Taka malutka drobniutka kobietka? Musisz mieć strasznie mocne ręce….

(śmiech) Nie, nie tylko ręce. Na dobrą sprawę Pole Dance wzmacnia cała ciało – mięśnie brzucha, nogi, kręgosłup….

 

  Pole dance to ogromny wysiłek fizyczny, czy w taki razie tego sportu może spróbować każdy?

Teoretycznie tak. Jednak w praktyce jest to sport dla tych, którzy nie mają żadnych przeciwwskazań medycznych do uprawiania sportu w ogóle, dlatego, że jest to trening mocno obciążający i siłowy. A jeżeli chodzi o wiek? Nie widzę żadnych barier. Wśród naszych kursantek mamy młode dziewczyny ok. 14-letnie, jak i panie po 50-tce.

 

Po jakim czasie można zauważyć pierwsze efekty?

Progres jest duży, ale czy szybko? Żaden instruktor nie będzie nierozsądny i nie da grupie do wykonania ćwiczeń, figur na które wie, że ta grupa nie jest gotowa.
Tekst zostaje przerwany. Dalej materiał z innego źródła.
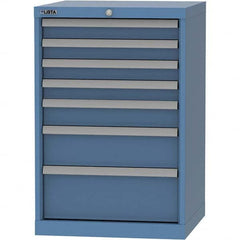 LISTA - 7 Drawer, 84 Compartment Bright Blue Steel Modular Storage Cabinet - Industrial Tool & Supply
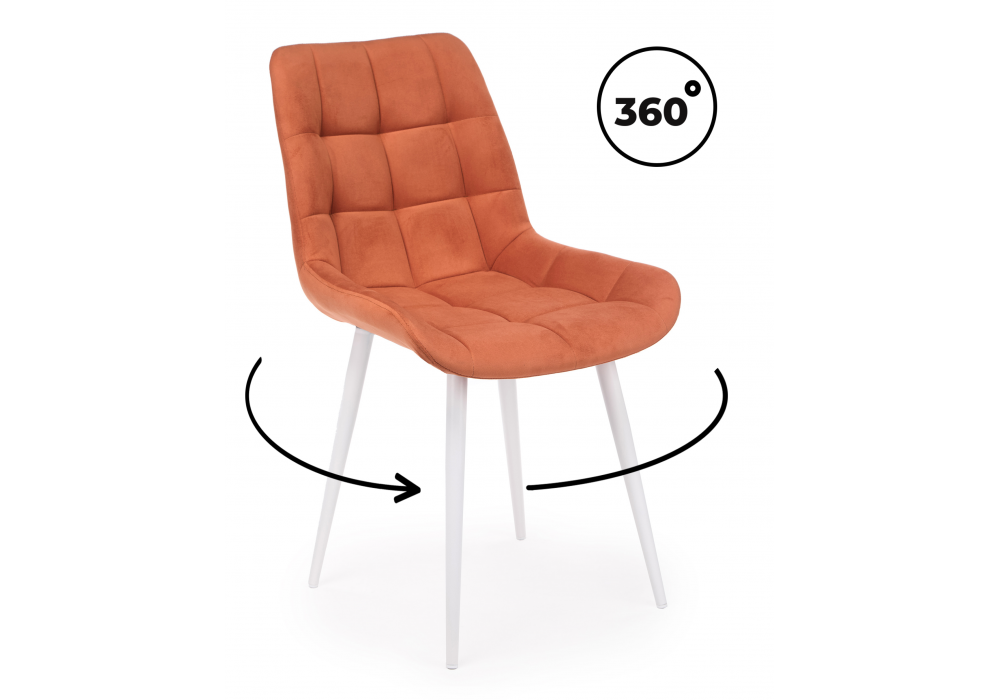 Стул на металлокаркасе Челси 360 К терракотовый (zd 432) / белый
Jeśli chodzi o zmianę ciała to już po 3 miesiącach przy intensywności 2 razy w tygodniu widać pierwsze efekty. Nie okłamujmy się, do tego powinniśmy dołożyć również odpowiednią dietę.

 

 Na początku wspomniałaś, że ten sport niesie za sobą wiele konotacji erotycznych. Dlatego nie mogę nie zapytać czy Twoim zdaniem pozwala on rozwinąć kobiecość, subtelność, elegancję w ruchu?

Nie tylko tak uważam, ale jestem o tym święcie przekonana. Od pierwszych zajęć dziewczyny uczą się prawidłowej postawy, jak napinać swoje ciało, prostować się i chodzić przy rurce. Po pierwszych dwóch zajęciach można zauważyć, że przekraczają próg studia zupełnie inaczej. Pewne siebie, wyprostowane, broda wysoko. Uwierz mi, że wtedy każde ciało wygląda lepiej niezależnie od tego czy jest to rozmiar 34 czy 42.

 

Czy zdarza Ci się być świadkiem totalnej przemiany,kiedy z cichej, szarej myszki robi się nagle kobieta wamp?

Jest mnóstwo takich historii. Poza tym, że dziewczyny się rozwijają, coraz bardziej wkręcają się w ten sport, to też pięknie przy tym rozkwitają.

 

Jako, że taniec ten większości kojarzy się ze striptizem, chciałabym zapytać czy zdarzyła Ci się kursantka, która przyszła na kurs z zamiarem bycia drugą Demi Moore z kultowego „Stiptizu”?

Tak, mam kursantki które chciały obudzić w sobie seksapil i poczuć się kobieco. Mimo, że są to zajęcia grupowe to staramy się mieć podejście indywidualne. Dlatego ja znam historię każdej z tych dziewczyn. Motywacje są różne, któraś przyjdzie odreagować stres w pracy, inna chciałby wrócić do formy po ciąży, a jeszcze inna poczuć się bardziej śmiało, seksownie po prostu dobrze w swoim ciele. Najcudowniejsze chyba dla każdego trenera jest widzieć jak kursantki się zmieniają i rozkwitają, stają się spełnionymi kobietami.

 

To jest tzw. happy end, ale początki są trudne, a kobiety mają obawy…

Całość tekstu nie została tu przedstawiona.